Protestano associazioni e famiglie con bambini in difficoltà. E Pompilio presenta un’interrogazione

CHIETI. Solo due posti a settimana, su quaranta disponibili, riservati ai ragazzi disabili nell’ambito del campus estivo “Giocando s’impara” organizzato dal comune di Chieti. Le famiglie, oltre alla quota, devono pagare anche il prezzo dei pasti e le ore dell’educatore che deve obbligatoriamente assistere i bambini con disabilità grave o nella norma, come previsto dalla normativa di riferimento: un totale di circa 832 euro a settimana per il servizio completo.
A fare i conti è la consigliera di Azione politica, Serena Pompilio, che ieri ha analizzato la problematica con i rappresentati delle associazioni Federico Gallucci per Theate Magnum e Anna Gloria Di Leo per Inclusiamo.

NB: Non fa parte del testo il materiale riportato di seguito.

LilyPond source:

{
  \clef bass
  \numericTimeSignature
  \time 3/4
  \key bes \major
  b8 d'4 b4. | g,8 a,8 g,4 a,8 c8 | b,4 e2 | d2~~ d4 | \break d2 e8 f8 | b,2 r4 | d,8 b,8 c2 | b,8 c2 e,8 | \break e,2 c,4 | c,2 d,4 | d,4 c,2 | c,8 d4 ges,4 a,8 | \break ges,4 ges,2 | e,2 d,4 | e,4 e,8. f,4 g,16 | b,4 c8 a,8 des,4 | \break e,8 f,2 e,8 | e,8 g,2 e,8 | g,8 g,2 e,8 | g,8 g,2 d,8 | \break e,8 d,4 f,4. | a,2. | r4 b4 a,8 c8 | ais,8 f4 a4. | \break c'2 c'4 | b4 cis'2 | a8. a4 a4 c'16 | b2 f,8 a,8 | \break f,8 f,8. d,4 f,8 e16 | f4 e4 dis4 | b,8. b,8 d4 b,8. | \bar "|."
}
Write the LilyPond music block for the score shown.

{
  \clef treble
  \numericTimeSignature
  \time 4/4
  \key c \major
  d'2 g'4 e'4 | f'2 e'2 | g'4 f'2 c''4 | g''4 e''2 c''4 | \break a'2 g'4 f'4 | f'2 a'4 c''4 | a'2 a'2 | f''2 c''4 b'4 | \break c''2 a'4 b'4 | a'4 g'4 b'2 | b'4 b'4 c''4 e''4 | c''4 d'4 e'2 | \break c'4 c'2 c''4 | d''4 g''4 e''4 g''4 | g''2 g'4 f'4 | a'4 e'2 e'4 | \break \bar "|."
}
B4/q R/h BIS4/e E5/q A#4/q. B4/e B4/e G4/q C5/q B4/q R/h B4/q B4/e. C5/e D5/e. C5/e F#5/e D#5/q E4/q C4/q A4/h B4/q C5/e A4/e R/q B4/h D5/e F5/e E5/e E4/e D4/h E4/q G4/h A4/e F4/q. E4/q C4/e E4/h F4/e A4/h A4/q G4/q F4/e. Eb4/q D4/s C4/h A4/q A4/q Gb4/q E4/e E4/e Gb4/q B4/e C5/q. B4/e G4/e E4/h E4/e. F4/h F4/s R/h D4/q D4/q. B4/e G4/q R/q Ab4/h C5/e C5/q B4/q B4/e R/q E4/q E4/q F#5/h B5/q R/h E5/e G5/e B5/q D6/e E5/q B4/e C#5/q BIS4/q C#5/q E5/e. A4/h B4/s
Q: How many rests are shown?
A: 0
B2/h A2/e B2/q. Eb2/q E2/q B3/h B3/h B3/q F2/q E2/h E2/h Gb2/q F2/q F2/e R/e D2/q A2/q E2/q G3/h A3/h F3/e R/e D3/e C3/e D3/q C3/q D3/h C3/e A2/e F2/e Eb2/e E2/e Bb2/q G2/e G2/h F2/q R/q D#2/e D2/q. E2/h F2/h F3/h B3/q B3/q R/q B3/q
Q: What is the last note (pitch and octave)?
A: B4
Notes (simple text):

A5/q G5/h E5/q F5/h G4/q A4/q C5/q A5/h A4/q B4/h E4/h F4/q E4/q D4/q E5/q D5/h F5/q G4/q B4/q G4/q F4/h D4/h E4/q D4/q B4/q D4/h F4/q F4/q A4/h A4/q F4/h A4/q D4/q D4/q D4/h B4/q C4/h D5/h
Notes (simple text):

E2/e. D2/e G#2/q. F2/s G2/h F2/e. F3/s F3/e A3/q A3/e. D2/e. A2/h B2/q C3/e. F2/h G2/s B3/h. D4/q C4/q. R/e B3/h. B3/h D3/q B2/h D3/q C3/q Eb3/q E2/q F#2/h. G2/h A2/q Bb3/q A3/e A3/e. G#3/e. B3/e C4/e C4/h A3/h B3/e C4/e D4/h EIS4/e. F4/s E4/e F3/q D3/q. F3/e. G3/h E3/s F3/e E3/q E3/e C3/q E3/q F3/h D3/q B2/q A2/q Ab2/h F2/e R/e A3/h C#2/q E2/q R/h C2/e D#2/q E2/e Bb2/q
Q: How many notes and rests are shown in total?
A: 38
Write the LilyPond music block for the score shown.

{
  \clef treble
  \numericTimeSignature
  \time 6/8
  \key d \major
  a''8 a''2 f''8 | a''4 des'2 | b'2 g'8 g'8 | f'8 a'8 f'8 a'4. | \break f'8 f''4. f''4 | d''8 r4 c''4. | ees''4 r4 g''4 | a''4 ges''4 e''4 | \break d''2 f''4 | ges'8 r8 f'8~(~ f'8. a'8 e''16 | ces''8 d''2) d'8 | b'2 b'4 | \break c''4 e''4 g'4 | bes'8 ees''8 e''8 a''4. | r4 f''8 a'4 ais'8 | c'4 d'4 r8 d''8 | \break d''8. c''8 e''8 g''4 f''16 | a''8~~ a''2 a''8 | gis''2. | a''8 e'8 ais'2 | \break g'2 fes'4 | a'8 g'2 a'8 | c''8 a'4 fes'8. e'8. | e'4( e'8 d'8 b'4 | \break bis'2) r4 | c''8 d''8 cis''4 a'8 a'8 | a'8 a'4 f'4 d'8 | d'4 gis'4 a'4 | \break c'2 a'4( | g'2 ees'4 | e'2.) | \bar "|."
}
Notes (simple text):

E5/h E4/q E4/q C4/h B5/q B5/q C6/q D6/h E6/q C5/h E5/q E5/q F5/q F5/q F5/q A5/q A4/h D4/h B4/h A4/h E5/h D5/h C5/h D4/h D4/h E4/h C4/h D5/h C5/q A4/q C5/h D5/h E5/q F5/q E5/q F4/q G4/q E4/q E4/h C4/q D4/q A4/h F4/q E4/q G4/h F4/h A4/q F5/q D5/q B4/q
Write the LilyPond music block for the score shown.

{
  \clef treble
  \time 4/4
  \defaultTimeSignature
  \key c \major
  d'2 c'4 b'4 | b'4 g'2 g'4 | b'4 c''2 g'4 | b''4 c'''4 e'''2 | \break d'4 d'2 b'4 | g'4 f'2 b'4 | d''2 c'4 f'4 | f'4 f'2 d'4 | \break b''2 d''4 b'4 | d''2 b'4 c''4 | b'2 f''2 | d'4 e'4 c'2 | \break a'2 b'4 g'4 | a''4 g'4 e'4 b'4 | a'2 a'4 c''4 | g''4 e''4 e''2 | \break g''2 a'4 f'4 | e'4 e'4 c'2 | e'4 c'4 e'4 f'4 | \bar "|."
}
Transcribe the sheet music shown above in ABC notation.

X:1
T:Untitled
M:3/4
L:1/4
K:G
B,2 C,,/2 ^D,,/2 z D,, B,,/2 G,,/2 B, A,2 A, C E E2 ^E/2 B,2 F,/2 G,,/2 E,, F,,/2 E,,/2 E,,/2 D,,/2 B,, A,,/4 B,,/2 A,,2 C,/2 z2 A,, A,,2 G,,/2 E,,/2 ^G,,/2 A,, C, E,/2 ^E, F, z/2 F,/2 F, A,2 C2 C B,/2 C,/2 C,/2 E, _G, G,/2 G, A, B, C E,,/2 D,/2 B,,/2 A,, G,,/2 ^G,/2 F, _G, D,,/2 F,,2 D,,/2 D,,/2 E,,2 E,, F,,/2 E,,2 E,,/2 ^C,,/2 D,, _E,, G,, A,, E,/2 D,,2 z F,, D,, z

«Le famiglie con bambini disabili, oltre ad avere una copertura limitata di posti assolutamente insufficiente, dovrebbero sostenere costi ultra onerosi corrispondendo una quota settimanale che varia tra gli 80- 105 euro, oltre il costo dei pasti e addirittura il costo assistenziale per l’educatore dedicato. Quindi secondo il comune di Chieti una famiglia con un disabile dovrebbe pagare circa 832 euro a settimana per il servizio completo per un totale di circa 3.328 euro al mese per portare il bambino a un campus estivo comunale».
Le associazioni raccontano che, dopo ripetuti incontri con l’amministrazione comunale, non hanno avuto riscontri «sensibili e concreti alle necessità evidenziate dalle famiglie con bambini in difficoltà». Per questa ragione Pompilio ha presentato un’interrogazione al sindaco Diego Ferrara e all’assessore competente «per conoscere nel dettaglio se ci sono somme accantonate dall’ente per aiutare i minori disabili e le loro famiglie che altrimenti sarebbero altamente discriminate ed escluse da un servizio per loro essenziale». La consigliera chiede anche quali siano, nel dettaglio, i costi assistenziali dell’educatore dedicato per il minore disabile posti a carico delle famiglie e e se vi sono differenziazioni tra disabili come previsto dalla legge. «Chi aiuterebbe i genitori che lavorano durante il periodo estivo», insiste, «se non si attiva il Comune? Dove sta l’attenzione verso i più deboli? Quale è l’apporto del Comune alle famiglie in difficoltà? Peccato che si debba sempre utilizzate lo strumento delle interrogazioni per generare attenzione». (y.g.)